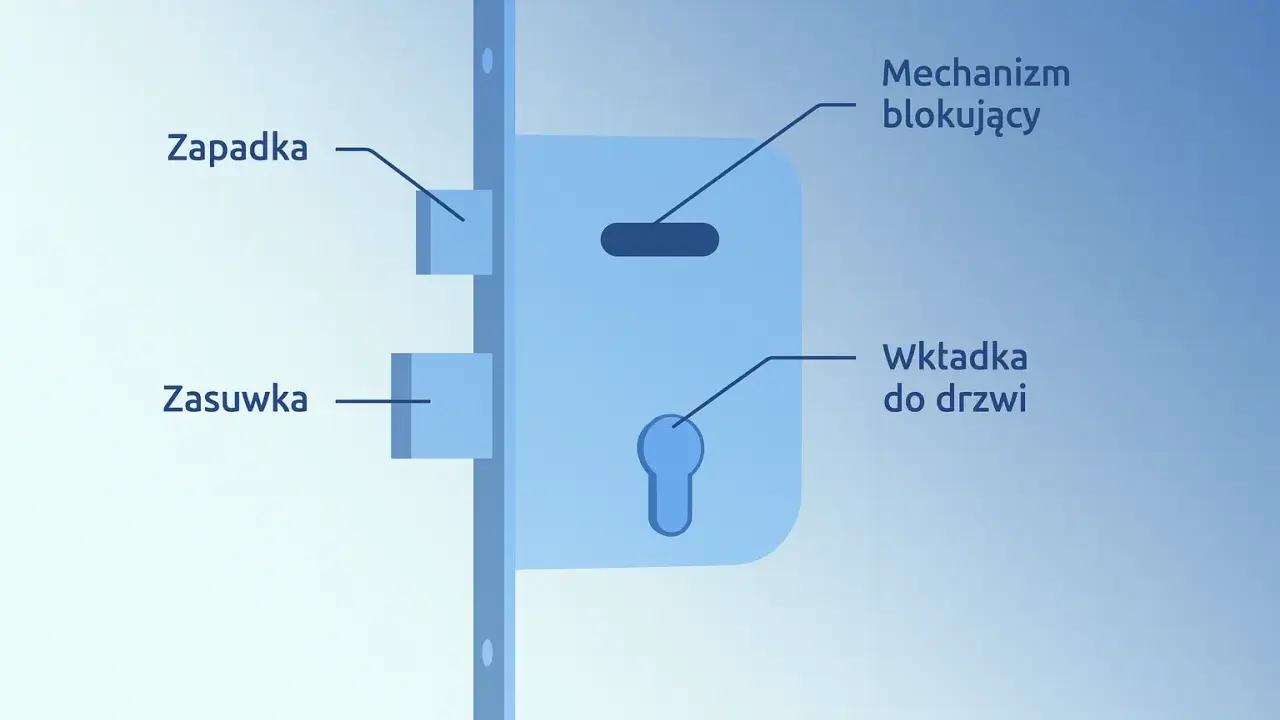Schemat budowy zamka błyskawicznego: zasuwa, zapadka, mechanizm blokujący i wkładka do drzwi.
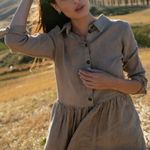 NWT Sauths 100% Linen Evita Tiered Dress in Almond Size XS Tan Photo 2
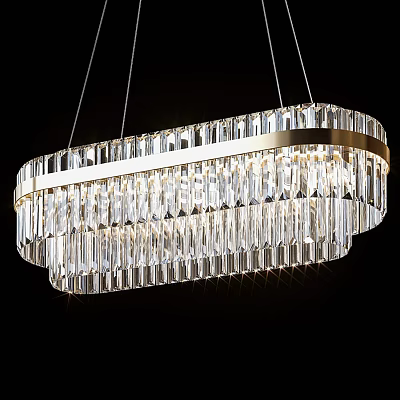 Elegant Modern Crystal Chandelier With Gold Frame And Transparent Hanging Crystal Prisms For Home Decor 3d model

**********

◆ Directions for this task
Print all the lines above again exactly, without any pictures.

◆ Exercise output
Schemat budowy zamka błyskawicznego: zasuwa, zapadka, mechanizm blokujący i wkładka do drzwi.
 NWT Sauths 100% Linen Evita Tiered Dress in Almond Size XS Tan Photo 2
 Elegant Modern Crystal Chandelier With Gold Frame And Transparent Hanging Crystal Prisms For Home Decor 3d model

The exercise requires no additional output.